_What the task asks_.
Would you reproduce exactly the lines below from the one holding "Czarna sandałka na" through the one holding "Vintage King Frog", inclusive, and no others?

[Records from a data collection]
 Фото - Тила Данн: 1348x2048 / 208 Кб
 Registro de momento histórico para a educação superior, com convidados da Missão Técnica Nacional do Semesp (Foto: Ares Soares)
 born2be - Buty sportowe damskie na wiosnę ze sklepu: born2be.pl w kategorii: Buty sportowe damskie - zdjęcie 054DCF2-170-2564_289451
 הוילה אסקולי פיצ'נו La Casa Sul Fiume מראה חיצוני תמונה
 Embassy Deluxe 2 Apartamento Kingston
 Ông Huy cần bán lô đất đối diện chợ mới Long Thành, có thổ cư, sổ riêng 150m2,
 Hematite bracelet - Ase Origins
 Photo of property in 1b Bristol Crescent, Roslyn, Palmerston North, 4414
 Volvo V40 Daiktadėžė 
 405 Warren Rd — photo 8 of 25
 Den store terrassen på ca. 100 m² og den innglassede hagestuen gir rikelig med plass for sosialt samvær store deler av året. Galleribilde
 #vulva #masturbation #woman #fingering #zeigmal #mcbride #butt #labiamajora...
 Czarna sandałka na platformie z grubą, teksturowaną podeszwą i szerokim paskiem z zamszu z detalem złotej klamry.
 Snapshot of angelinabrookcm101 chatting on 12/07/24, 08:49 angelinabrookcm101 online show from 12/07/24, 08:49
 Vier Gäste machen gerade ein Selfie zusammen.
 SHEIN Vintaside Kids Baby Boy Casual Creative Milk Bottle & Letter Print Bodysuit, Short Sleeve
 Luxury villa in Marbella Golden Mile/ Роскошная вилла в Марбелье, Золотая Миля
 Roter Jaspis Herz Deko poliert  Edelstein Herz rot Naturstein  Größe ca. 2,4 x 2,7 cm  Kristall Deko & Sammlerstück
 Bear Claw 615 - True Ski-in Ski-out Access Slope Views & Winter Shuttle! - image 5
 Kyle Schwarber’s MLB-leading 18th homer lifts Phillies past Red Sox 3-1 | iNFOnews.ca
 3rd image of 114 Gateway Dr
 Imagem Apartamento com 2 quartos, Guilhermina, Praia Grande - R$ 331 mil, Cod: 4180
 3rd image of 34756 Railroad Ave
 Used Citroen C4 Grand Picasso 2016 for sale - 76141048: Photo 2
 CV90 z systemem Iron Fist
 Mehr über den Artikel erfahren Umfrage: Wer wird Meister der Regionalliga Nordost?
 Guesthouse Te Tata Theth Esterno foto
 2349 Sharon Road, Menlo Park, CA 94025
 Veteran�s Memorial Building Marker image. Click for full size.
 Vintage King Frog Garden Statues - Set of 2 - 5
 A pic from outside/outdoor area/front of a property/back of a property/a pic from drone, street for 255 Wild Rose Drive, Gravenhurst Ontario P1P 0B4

_Exercise output_.
 Czarna sandałka na platformie z grubą, teksturowaną podeszwą i szerokim paskiem z zamszu z detalem złotej klamry.
 Snapshot of angelinabrookcm101 chatting on 12/07/24, 08:49 angelinabrookcm101 online show from 12/07/24, 08:49
 Vier Gäste machen gerade ein Selfie zusammen.
 SHEIN Vintaside Kids Baby Boy Casual Creative Milk Bottle & Letter Print Bodysuit, Short Sleeve
 Luxury villa in Marbella Golden Mile/ Роскошная вилла в Марбелье, Золотая Миля
 Roter Jaspis Herz Deko poliert  Edelstein Herz rot Naturstein  Größe ca. 2,4 x 2,7 cm  Kristall Deko & Sammlerstück
 Bear Claw 615 - True Ski-in Ski-out Access Slope Views & Winter Shuttle! - image 5
 Kyle Schwarber’s MLB-leading 18th homer lifts Phillies past Red Sox 3-1 | iNFOnews.ca
 3rd image of 114 Gateway Dr
 Imagem Apartamento com 2 quartos, Guilhermina, Praia Grande - R$ 331 mil, Cod: 4180
 3rd image of 34756 Railroad Ave
 Used Citroen C4 Grand Picasso 2016 for sale - 76141048: Photo 2
 CV90 z systemem Iron Fist
 Mehr über den Artikel erfahren Umfrage: Wer wird Meister der Regionalliga Nordost?
 Guesthouse Te Tata Theth Esterno foto
 2349 Sharon Road, Menlo Park, CA 94025
 Veteran�s Memorial Building Marker image. Click for full size.
 Vintage King Frog Garden Statues - Set of 2 - 5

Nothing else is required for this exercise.